みみのまばたき

2006-2013 箕面の音楽・文学好きの記録です。

ジェルジ・リゲティ:自動演奏楽器のための音楽

ジャケ写真は同シリーズのものです
リゲティ・エディション3 ピアノのための作品集
2006年6月12日、ジェルジ・リゲティが83歳で亡くなった。
これは1940年代から90年代までのリゲティの音楽を、バレル・オルガン、メトロノーム、プレイヤー・ピアノのために編曲しなおしている作品集です。
いうまでもなく、単に人の手によるバイアスを排するのが目的ではなく、ベタな表現ですが、演奏機械独自の可能性を追求しています。
機械による人間ではありえないピッチでアクロバティックに演奏される音楽は、むしろ変化に富んだ曲想を浮き彫りにする快感が多く、非人間的で無表情という浅い印象を与えたりはしません。
バレル・オルガンによる「ムジカ・リチェルカータ」などは踊りだしたくなります。
そして、コンロン・ナンカロウのプレイヤー・ピアノ曲がそうであったように、たしかにミニマル音楽やテクノにも通じるポリリズムを生んでいて、「ハンガリアン・ロック」などは、若い人に是非普段聴いているクラブミュージックの合間に挟みこんで聴いて欲しいもの。

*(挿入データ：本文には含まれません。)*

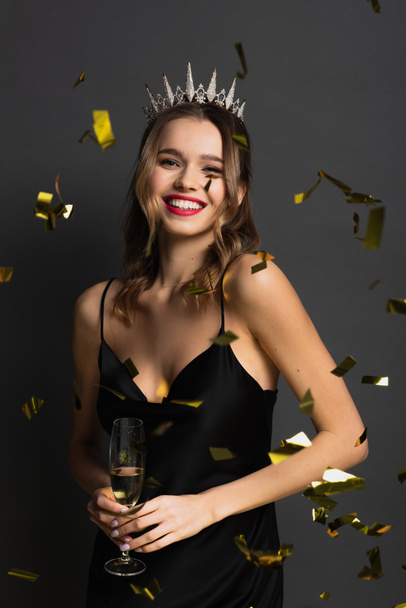 alegre joven con vestido negro y tiara sosteniendo copa de champán cerca de confeti en gris - Foto, imagen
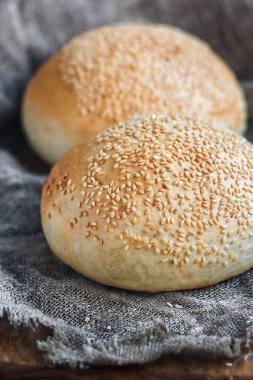 Yuvarlak topuz, susam çörek, ekmek rulo. Ahşap, çuval bezi zemin üzerine susam ile lezzetli hamburger ekmeği. Taze pişmiş hamburger ekmeği. Üstten Görünüm.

唯一オリジナルの形で収録されている100台のメトロノームによる「ポエム・サンフォニック」は、ライヒの「振り子の音楽」などを聴いた耳にはおなじみのプロセス音楽として響くかもしれません。
エントロピーがどうのこうの、というやつです。
冒頭100台が一斉に時を刻むサウンドスケープはなにか磁気嵐のようですが、それが8分を過ぎるあたりから一台一台動きが止まっていき、むしろ静寂を意識させるようになるさまは、なんとなく物悲しいというより、諧謔を感じさせます。

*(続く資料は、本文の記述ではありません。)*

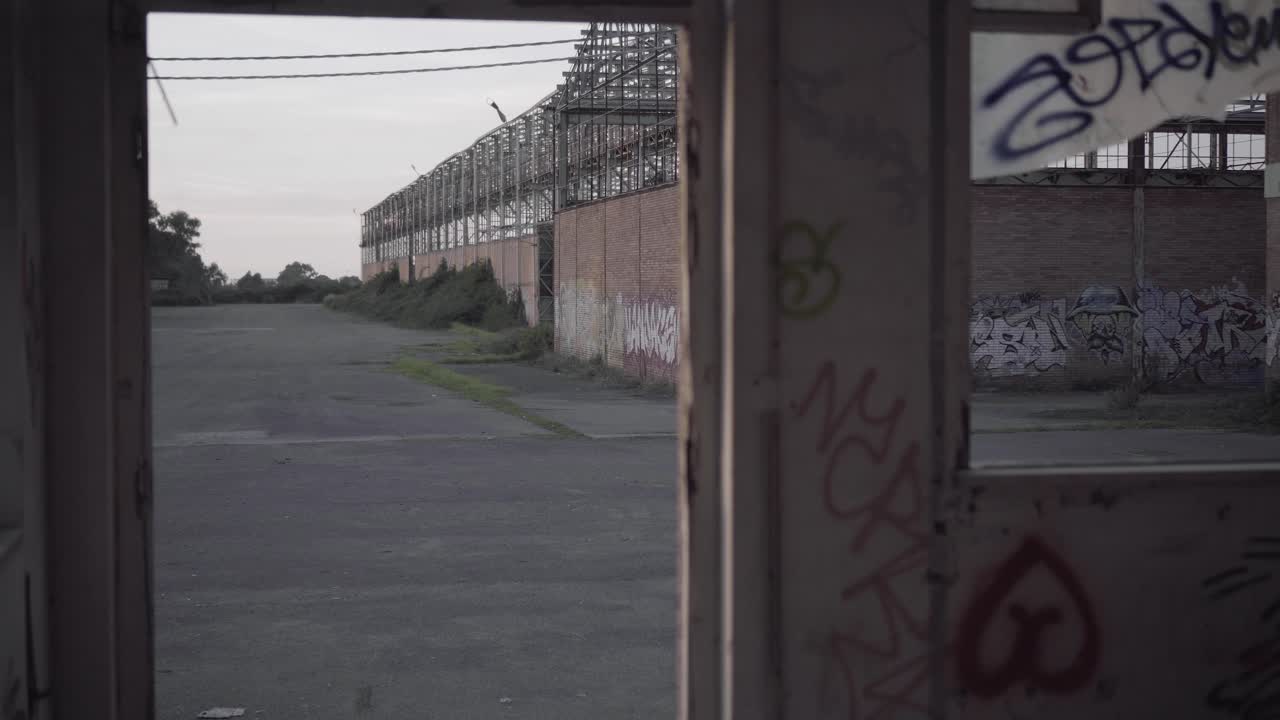 Abandoned warehouse - view from a broken window with murals at sunset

個人的には、100台のメトロノームが並んでいるのを想像するだけでうれしくなってしまうんですが、ライナーのリゲティのコメントによると、1962年当時、リゲティフルクサスのメンバーだったらしい(マチューナスからの強制指名で)!この曲というかハプニングの初演のテレビ放送は、オランダの上院の要請でキャンセルされたらしいです。